Remember when I said a few days ago that the whole goal here was to cut a new tunnel back to my home base so that I didn’t have to go up and down the steps so much to get home?
Yeah, I’ve now followed so many veins of ore that I’m, well, let’s call it 30 meters, below where I started.
Which, I mean, yay ore. But also, this is not getting my tunnel done efficiently.
And also also zombies keep falling on my head.
And I’m frightened of the fact that I’m 30 meters below where I started and there’s still a good 30 meter deep cavern somewhere nearby. Because if I fall in that hole, nobody in the universe is going to find me. Well, except the skeletons. But I don’t think they’re going to tell anyone.

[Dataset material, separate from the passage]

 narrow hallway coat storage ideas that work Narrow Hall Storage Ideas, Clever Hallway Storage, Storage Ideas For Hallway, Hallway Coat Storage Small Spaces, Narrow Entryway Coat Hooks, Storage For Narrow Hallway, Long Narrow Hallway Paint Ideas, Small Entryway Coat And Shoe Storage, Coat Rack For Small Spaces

One nice part about the adrenaline rush you get when you’re literally standing on the precipice between you and certain death is that everything get suddenly louder. All the things you’re not normally paying attention to? Your body decides they are all noteworthy. Water dripping. Lava bubbling. Your own breathing. The breathing of the exploding giraffe corgi sneaking up on you from behind.
It’s been a rough week is what I’m saying.
Also, apparently the lake at the bottom of the chasm with the lava pouring into it is deep enough that the exploding giraffe corgi didn’t die on impact.
But that just gives me one more reason not to fall down into the chasm.
Hey remember yesterday when I found that lava pit?
Turns out that it was a lava lake built into the side of a very deep chasm. Like a “I can see zombies and they look like tiny bugs” chasm.
So it’s really good that even though I thought I knew all of the local dangers and the edges of the lava pit, I continued to test the rock. Because while jumping into the lake below may or may not be safe had I fallen hundreds of meters down, the lava fall that pours down the side of the chasm into that lake may have made that an uncomfortable choice.
Also, why are there so many damn chasms here? Whole blasted planet’s just an air bubble with attitude.
The first few weeks of training to be a miner, we were taught how to walk.
Specifically, we were taught never ever to put our full weight on a stone we hadn’t tested yet.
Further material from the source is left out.